• **Supplied information**:
-------
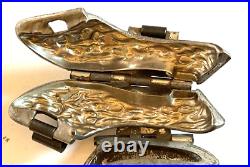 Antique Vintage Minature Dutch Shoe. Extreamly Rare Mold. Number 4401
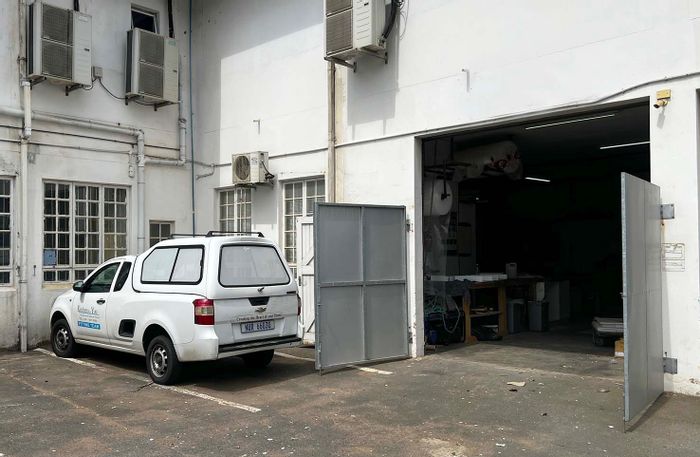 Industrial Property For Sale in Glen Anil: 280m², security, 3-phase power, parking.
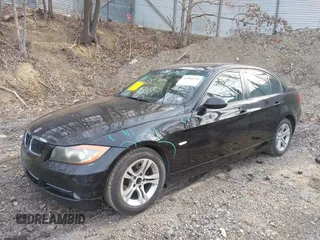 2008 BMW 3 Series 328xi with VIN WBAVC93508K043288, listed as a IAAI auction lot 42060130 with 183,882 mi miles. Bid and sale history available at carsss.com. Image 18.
-------
• **Directions**: The listing above is to be retyped word for word, with the pictures omitted.

• **Answer to the exercise**:
 Antique Vintage Minature Dutch Shoe. Extreamly Rare Mold. Number 4401
 Industrial Property For Sale in Glen Anil: 280m², security, 3-phase power, parking.
 2008 BMW 3 Series 328xi with VIN WBAVC93508K043288, listed as a IAAI auction lot 42060130 with 183,882 mi miles. Bid and sale history available at carsss.com. Image 18.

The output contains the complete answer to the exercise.